--- START ---
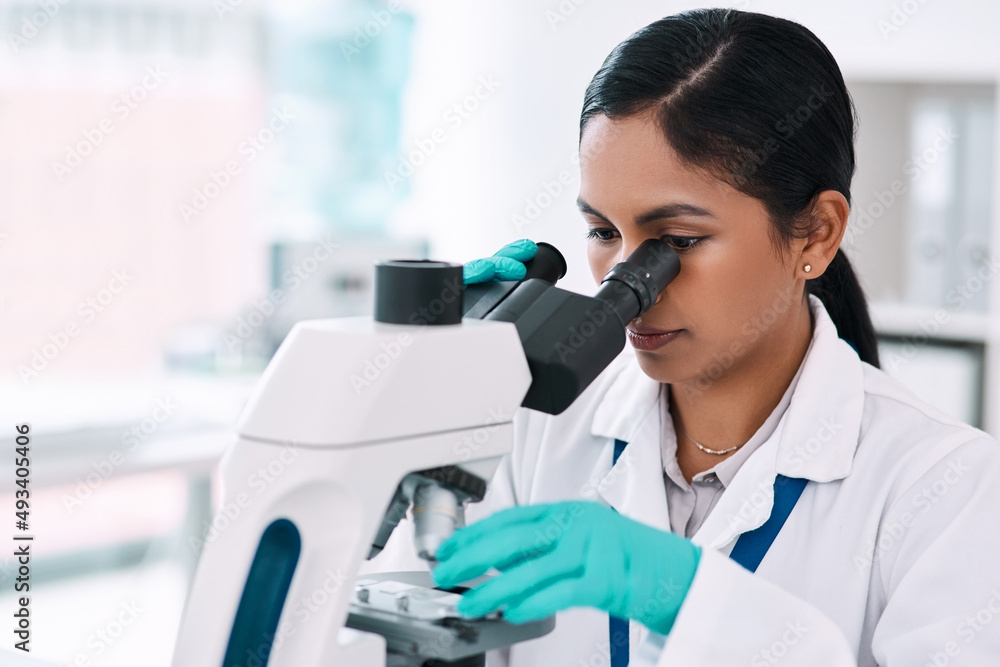 Shes one look away from making a discovery. Cropped shot of an attractive young female scientist loo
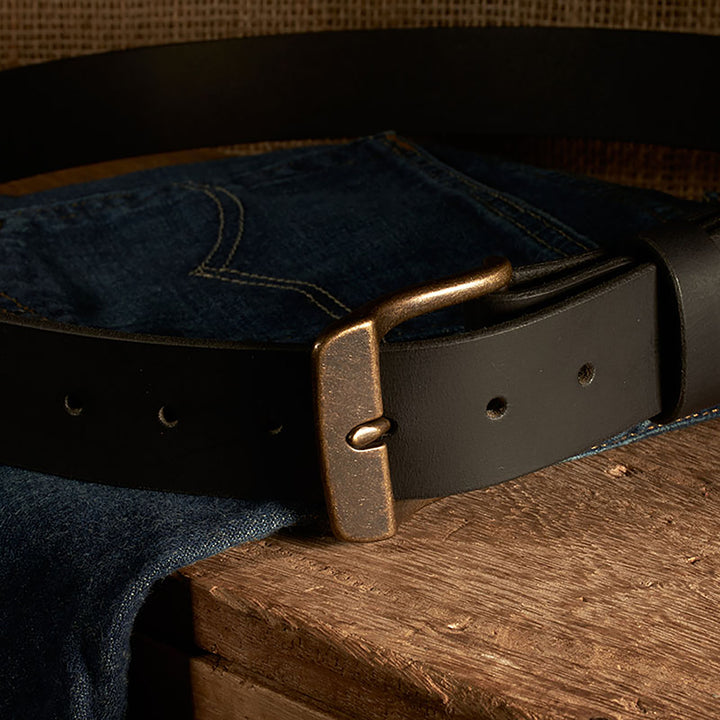 Dark leather belt with brass buckle on a pair of blue jeans on a wooden surface.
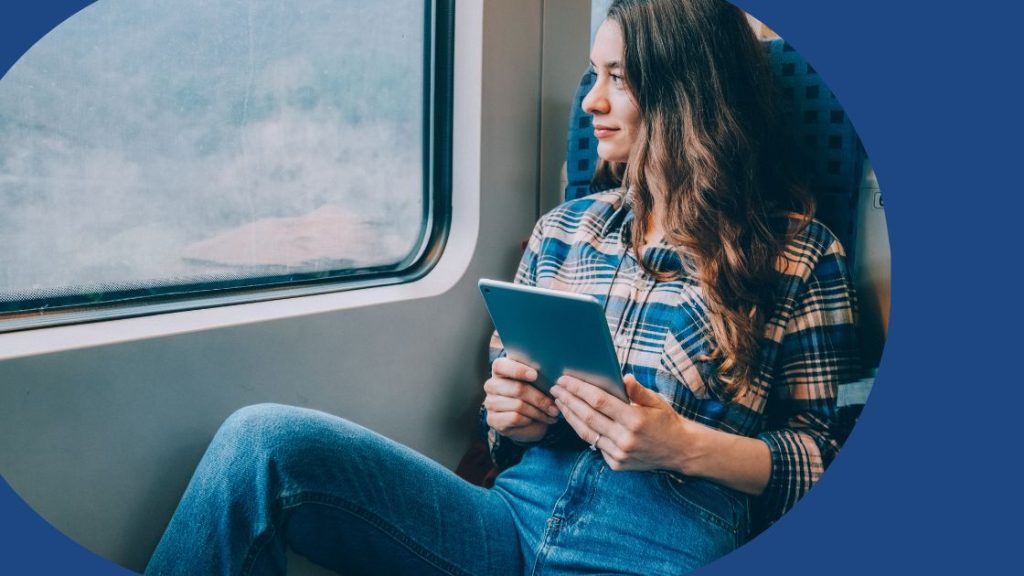 A traveller looking out a window on a train using technology to check a change to her itinerary.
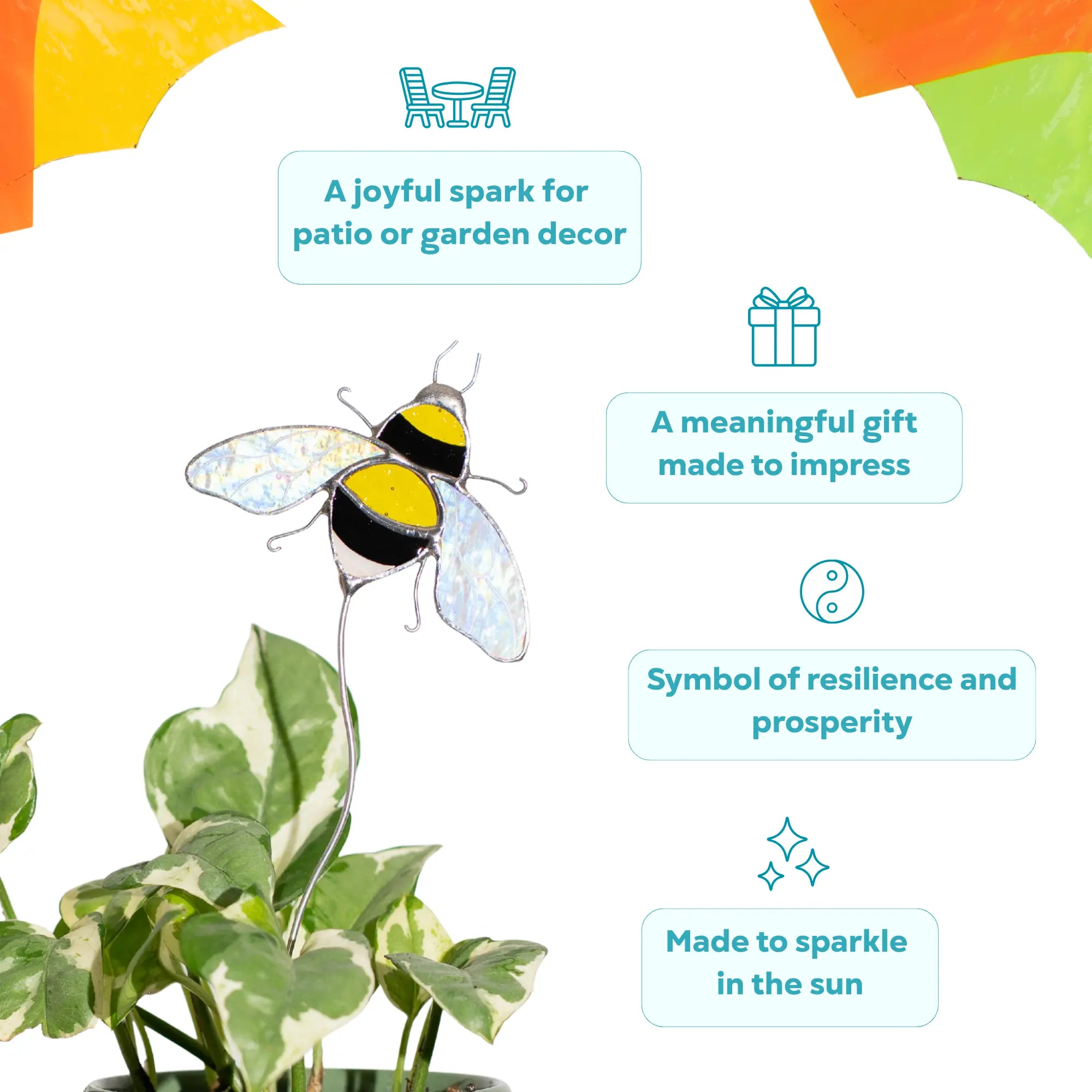 Decorative bee stained glass plant stake on a plant as a symbol of prosperity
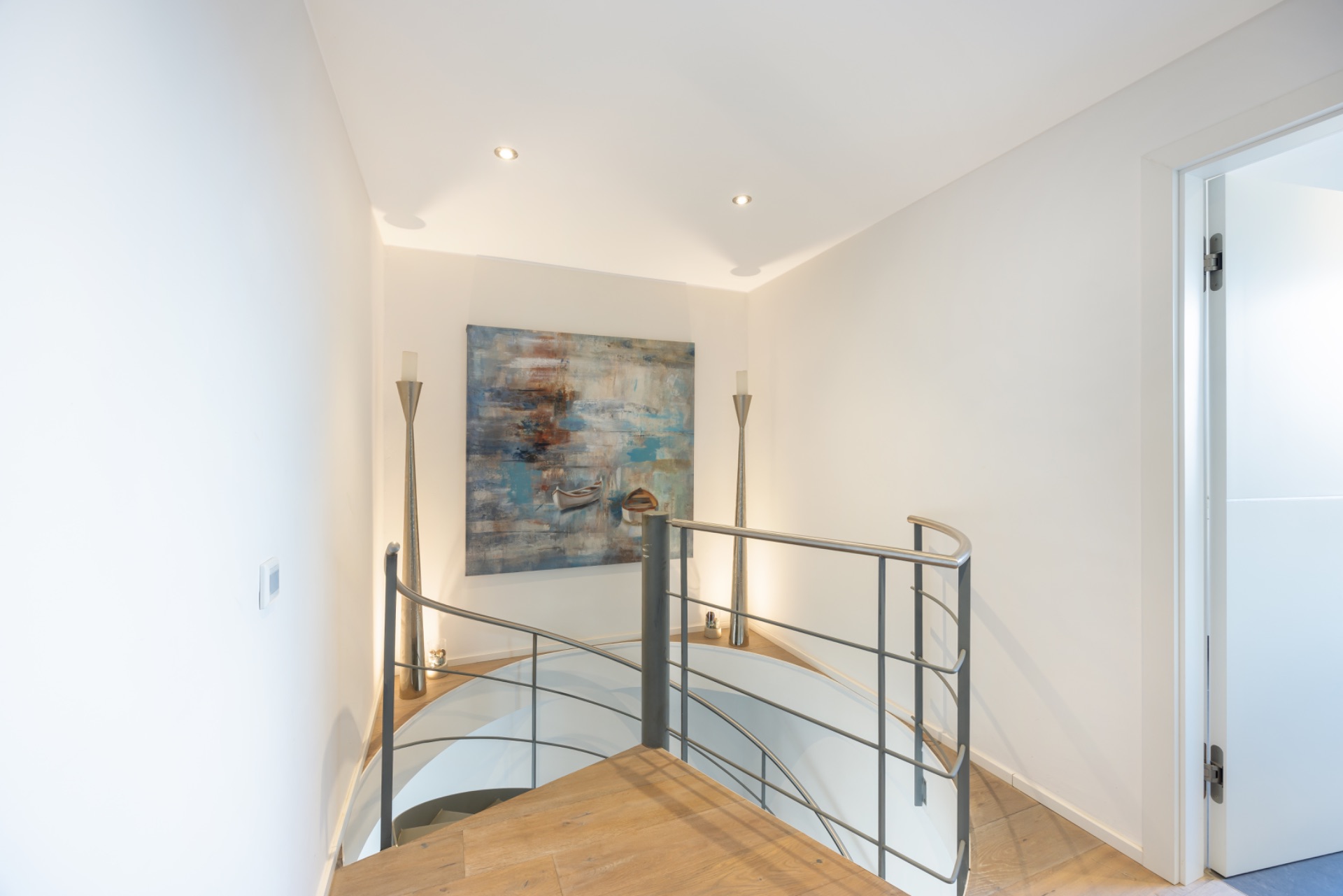 Heller Flur mit runder Treppe, abstraktem Gemälde und zwei Stehlampen an der Wand.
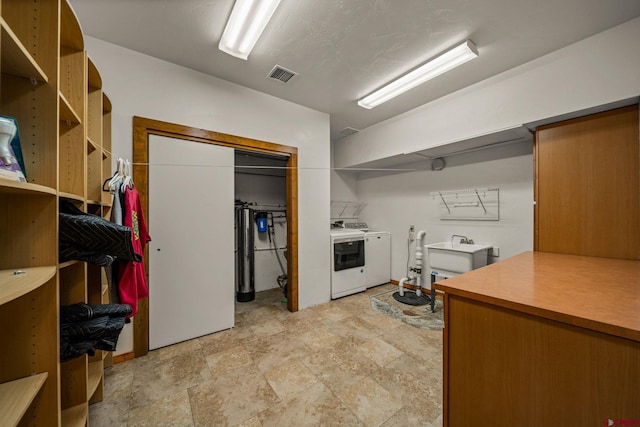 washroom with washing machine and dryer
--- END ---
(ACTIVITY): Omit any images, then output the listing exactly.

(WRITTEN SOLUTION):
 Shes one look away from making a discovery. Cropped shot of an attractive young female scientist loo
 Dark leather belt with brass buckle on a pair of blue jeans on a wooden surface.
 A traveller looking out a window on a train using technology to check a change to her itinerary.
 Decorative bee stained glass plant stake on a plant as a symbol of prosperity
 Heller Flur mit runder Treppe, abstraktem Gemälde und zwei Stehlampen an der Wand.
 washroom with washing machine and dryer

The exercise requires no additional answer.